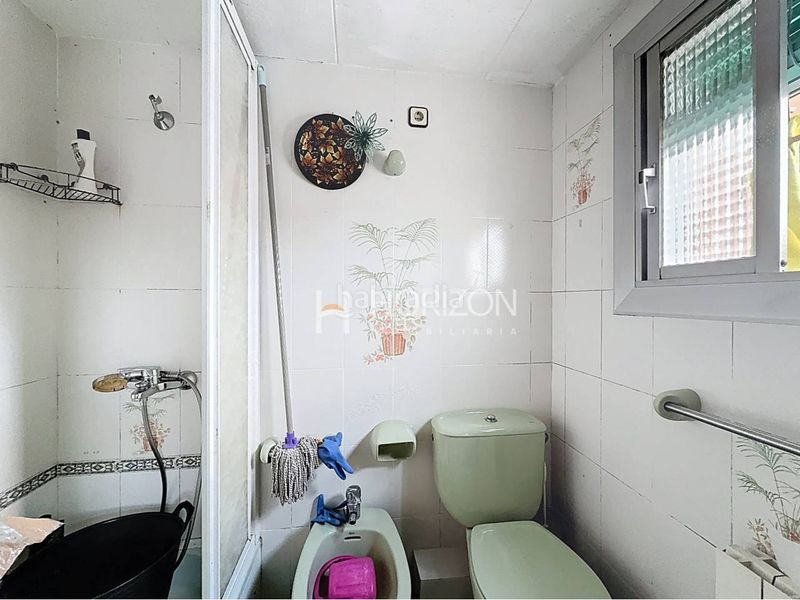 Foto f1dd1786-c868-4b7b-b748-1c5d2bb3a6a0. Pis a La Teixonera Barcelona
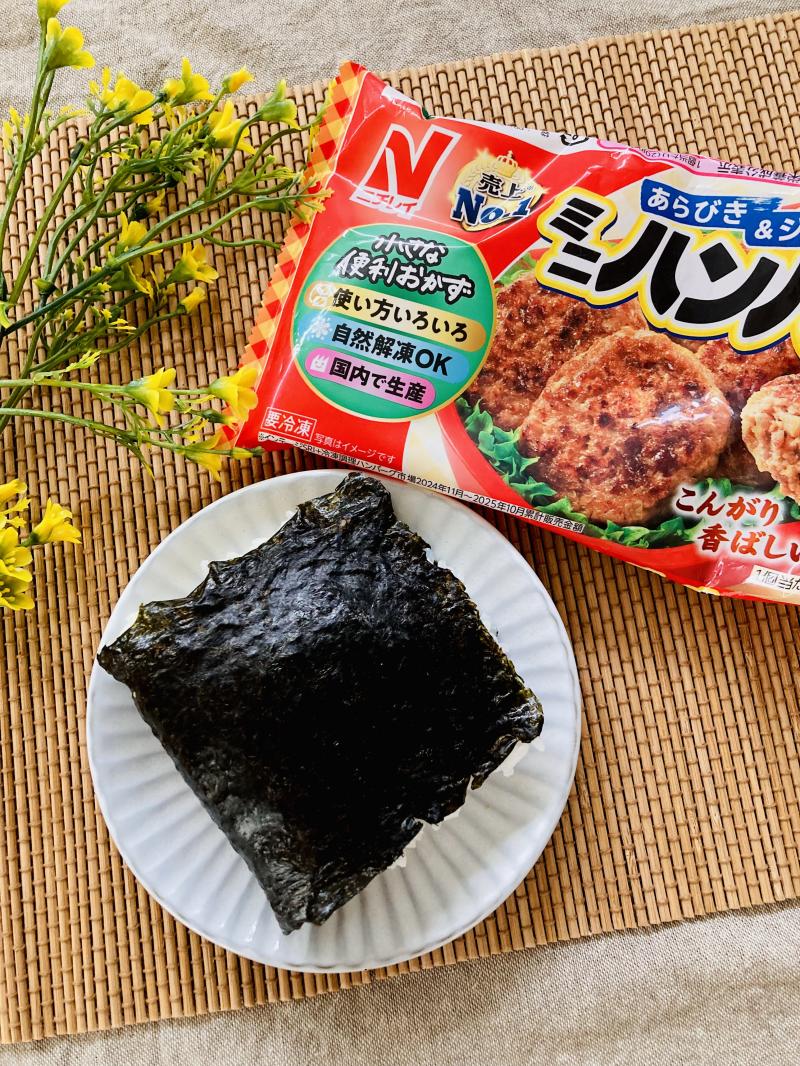 食材として使用したミニハンバーグも一緒に写したミニハンバーグ入りおにぎらず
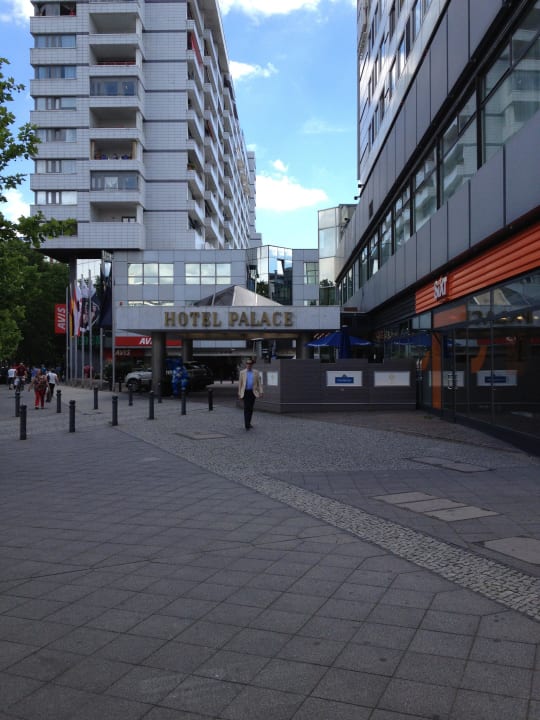 Hotelansicht vom Bahnhof Zoo aus Hotel Palace Berlin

+===+

→ **EXERCISE**
A word-for-word repetition of the data above, without pictures, is the expected answer.

→ **SOLVED PROBLEM**
 Foto f1dd1786-c868-4b7b-b748-1c5d2bb3a6a0. Pis a La Teixonera Barcelona
 食材として使用したミニハンバーグも一緒に写したミニハンバーグ入りおにぎらず
 Hotelansicht vom Bahnhof Zoo aus Hotel Palace Berlin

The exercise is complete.